1.1. Batch inserter#

1.1.1. Purpose#

The QuasarDB batch inserter provides you with an interface to send data to the QuasarDB cluster. The data is buffered client-side and sent in a single logical batch, ensuring efficiency and transactional consistency.

The batch inserter supports inserting into multiple tables in a single, atomic operation.

1.1.2. APIs#

There are currently three different batch insertion APIs:

API	Status	Description
Regular	Deprecated	Regular batch inserter, which exposes a row-based insertion API. This API has been deprecated for performance reasons.
Pinned	Deprecated	Pinned writer, which exposes a column-oriented API. This API has been deprecated for performance reasons.
Exp(erimental)	Recommended	Next generation batch insertion API, available since 3.13.1. It exposes a column-oriented API, and all new features and functionality are available under this API.

We strongly recommend using the new, experimental batch writer API for any newly written code. Old code should be ported to this API.

1.1.3. Insertion modes#

The batch writer has various modes of operation, each with different tradeoffs:

Insertion mode	Description	Use case(s)
Default	Transactional insertion mode that employs Copy-on-Write	General purpose
Fast	Transactional insert that does not employ Copy-on-Write. Newly written data may be visible to queries before the transaction is fully completed.	High-volume inserts constrained by disk I/O
Asynchronous	Data is buffered in-memory in the QuasarDB daemon nodes before writing to disk. Data from multiple sources is buffered together, and periodically flushed to disk.	Streaming data where multiple processes simultaneously write into the same table(s)
Truncate	Replaces any existing data with the provided data in a single transactional operation.	Replay of historical data

If you intend on doing a lot of small, incremental inserts to the same table, we recommend using the asychronous insertion mode.
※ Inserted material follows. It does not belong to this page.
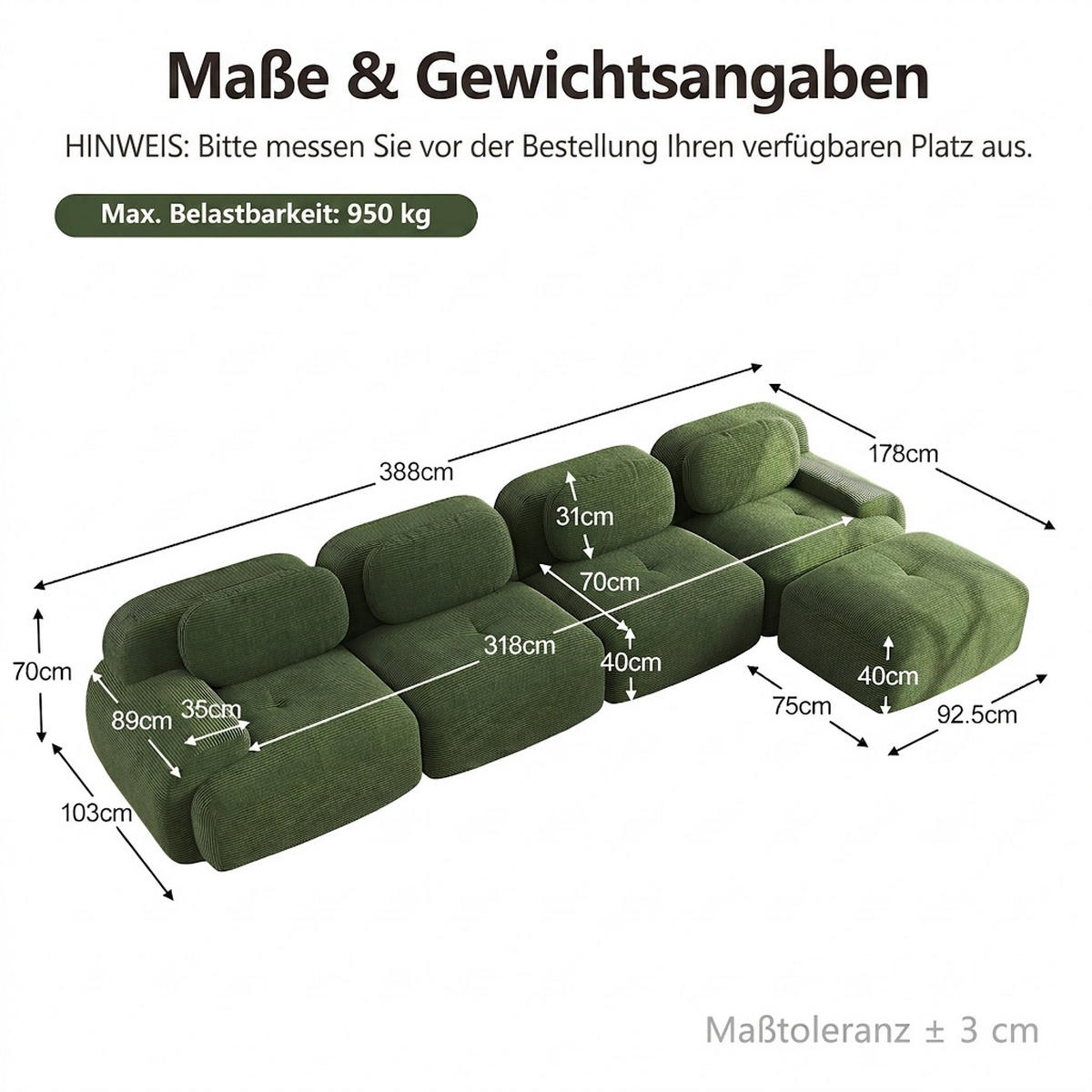 ECKSOFA 388/178/70 cm Grün Cord mit extra-breiten Armlehnen, Rahmenloses - Grün, Textil (388/178cm) - Oxeza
If you process and insert data in larger batches, we recommend using the fast insertion mode.

1.1.4. Options#

In addition to different an insertion modes, the batch writer API provides various options and parameters that affect operation, which are documented below.

Name	Description
Truncate ranges	When using Truncate insertion mode, these ranges specify which ranges to truncate. All newly inserted data must fall within these ranges.
Duplicates	Allows specification of deduplication options. See the documentation on deduplication for more information.

1.1.5. Batch size#

The batch inserter parallelizes its operations, based on the number of threads configuration option. It first groups the entire operation into batches of tasks, and then executes these in parallel.
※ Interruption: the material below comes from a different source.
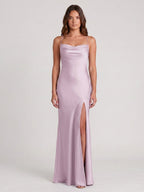 Lilac Matte Satin Trumpet Straight Neck Backless Ankle-Length Bridesmaid Dress - Curvevia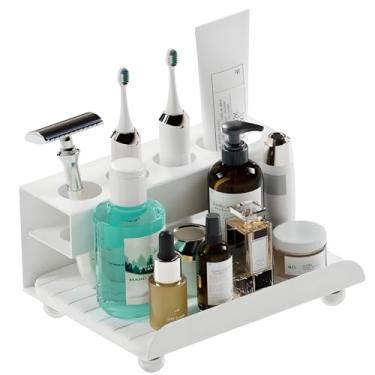 Imagem de YOOLENS Suporte de escova de dentes elétrica de secagem rápida, 4 compartimentos, organizador de balcão de banheiro de metal para pasta de dente, enxaguante bucal, branco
You can configure the maximum size of the batch by setting the client_max_batch_load option. For example, if you are running your application with a connection parallelism of 4, your max batch load is 21, and you attempt to insert data into 210 different shards, these tasks will be grouped in 10 different batches, and executed in parallel using 4 threads.

In Python, you can configure it as such:

import quasardb.pool as pool
pool.initialize(uri='qdb://127.0.0.1:2836')

with pool.instance().connect() as conn:
  conn.options().set_client_max_batch_load(42)

The batch inserter will now group the operation into batches of up to 42 tasks.

1.1.6. Usage#

The steps involved in using the batch writer API is as follows:

Initialize a local batch inserter instance, providing it with the tables and columns you want to insert data for. Note that specifying multiple tables is supported: this will allow you to insert data into multiple tables in one atomic operation.
Prepare/buffer the batch you want to insert. Buffering locally before sending ensures that the tranmission of the data is happening at maximum throughput, ensuring server-side efficiency.
Push the batch to the cluster.
If necessary, go back to step 2 to send additional batches.

For any insertion mode that is not asynchronous, we recommend batch sizes as large as possible: batch sizes of million of rows are not uncommon and encouraged.